● WHAT TO PRODUCE: In the entries that follow, find the line containing "乒乓球球员突破自我，表现堪称完美的简单介绍" and the line containing "Κατέρρευσε οροφή στο νοσοκομείο ΠΑΓΝΗ", then retype exactly the lines from the first through the second, pictures excluded.

● MATERIAL PROVIDED:
________________________________________

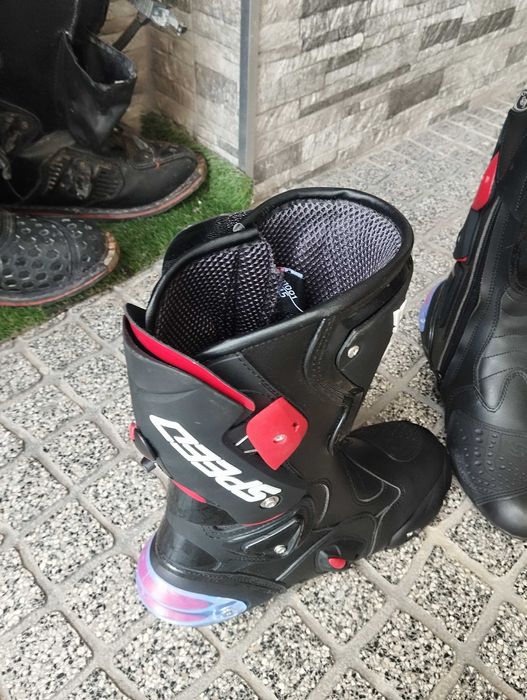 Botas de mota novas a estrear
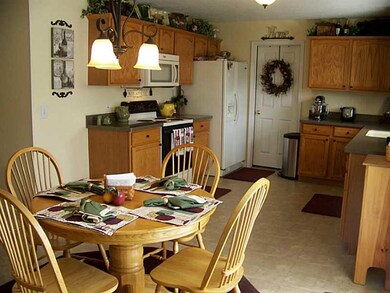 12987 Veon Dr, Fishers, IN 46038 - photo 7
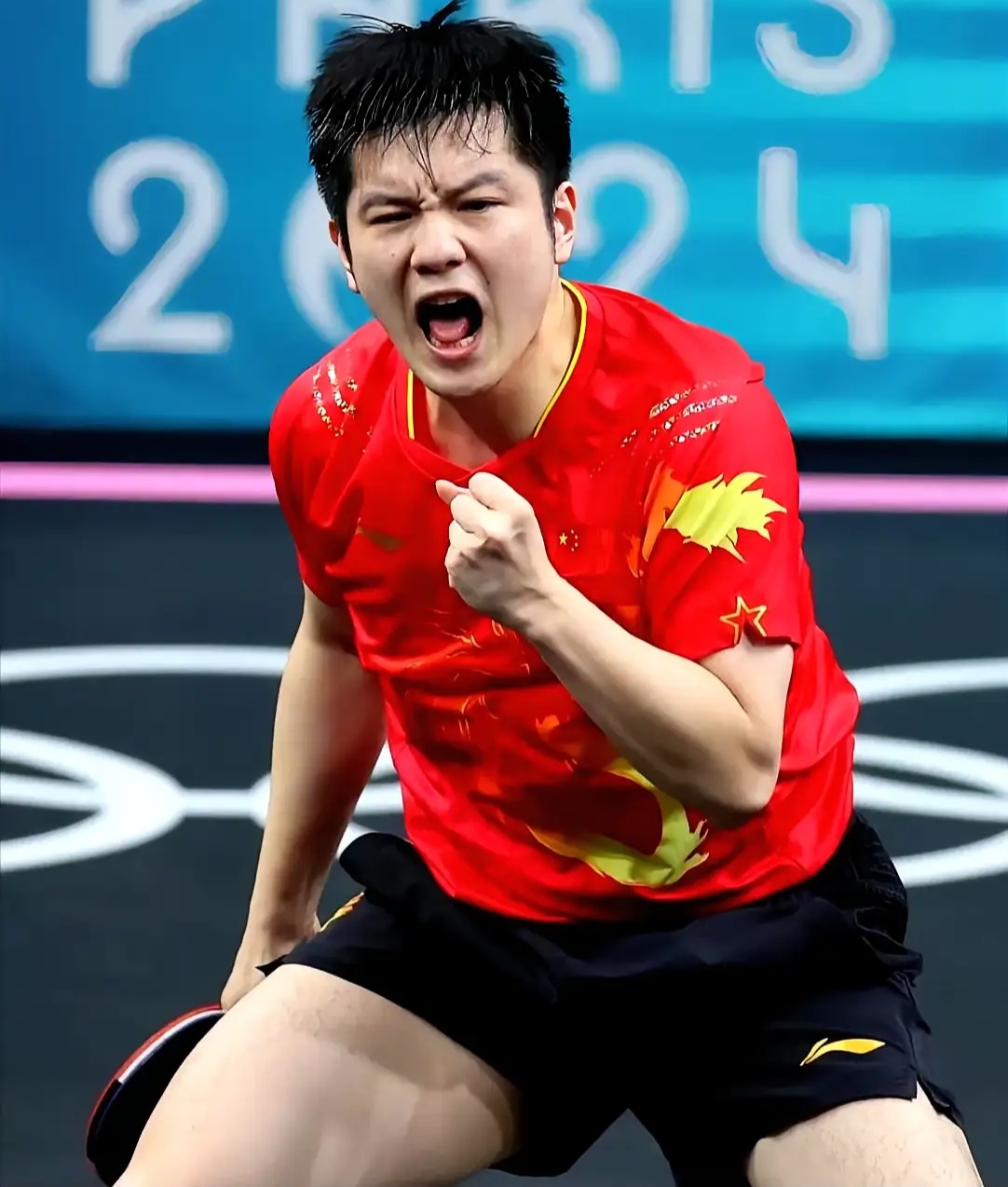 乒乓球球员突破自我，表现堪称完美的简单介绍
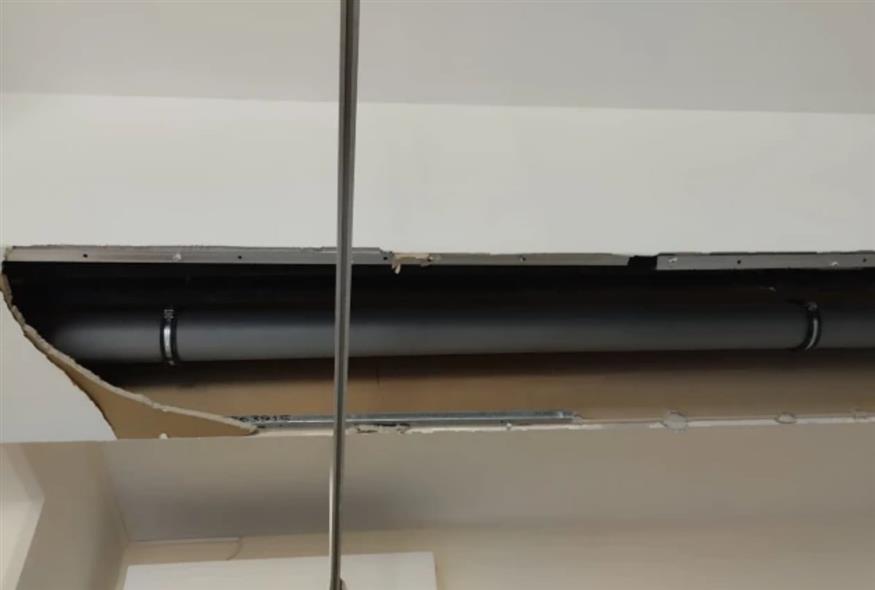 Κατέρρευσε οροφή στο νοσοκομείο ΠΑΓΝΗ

________________________________________

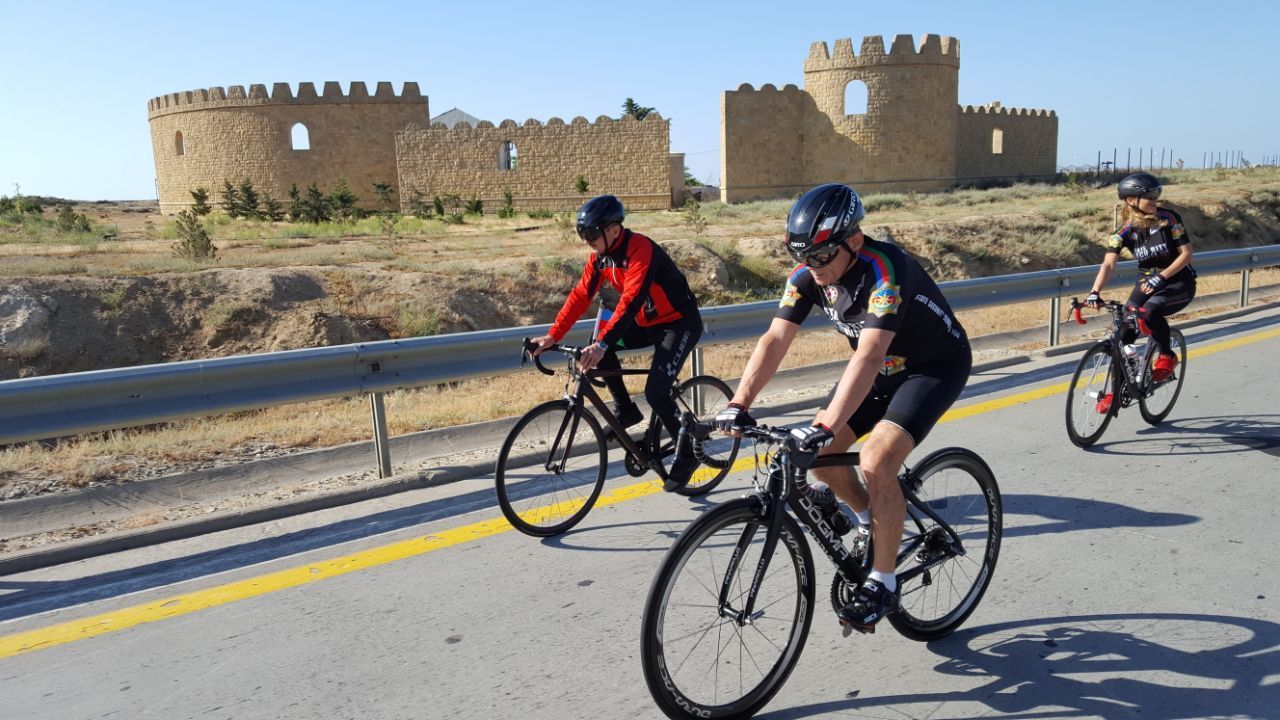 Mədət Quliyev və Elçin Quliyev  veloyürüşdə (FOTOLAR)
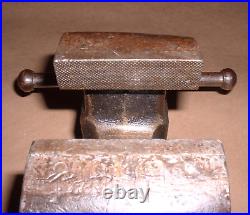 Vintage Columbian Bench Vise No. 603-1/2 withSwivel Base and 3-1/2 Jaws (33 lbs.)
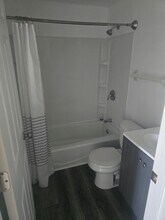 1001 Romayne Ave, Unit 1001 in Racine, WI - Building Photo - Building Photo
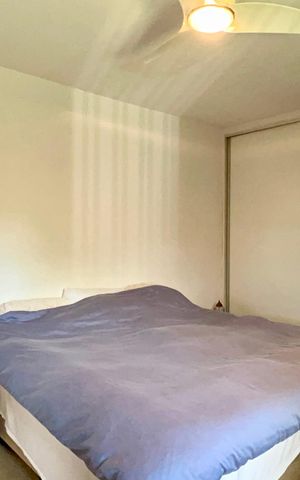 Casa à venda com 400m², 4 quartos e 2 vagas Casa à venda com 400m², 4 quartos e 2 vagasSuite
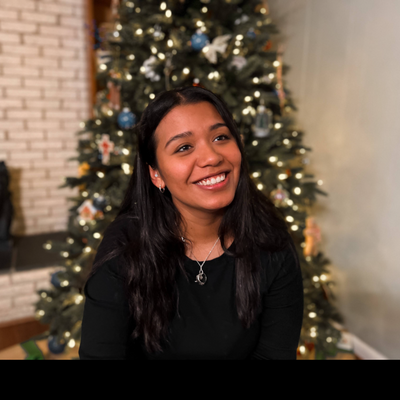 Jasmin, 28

________________________________________

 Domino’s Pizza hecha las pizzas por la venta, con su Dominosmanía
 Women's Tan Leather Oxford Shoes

________________________________________

● COMPLETED TASK:
 乒乓球球员突破自我，表现堪称完美的简单介绍
 Κατέρρευσε οροφή στο νοσοκομείο ΠΑΓΝΗ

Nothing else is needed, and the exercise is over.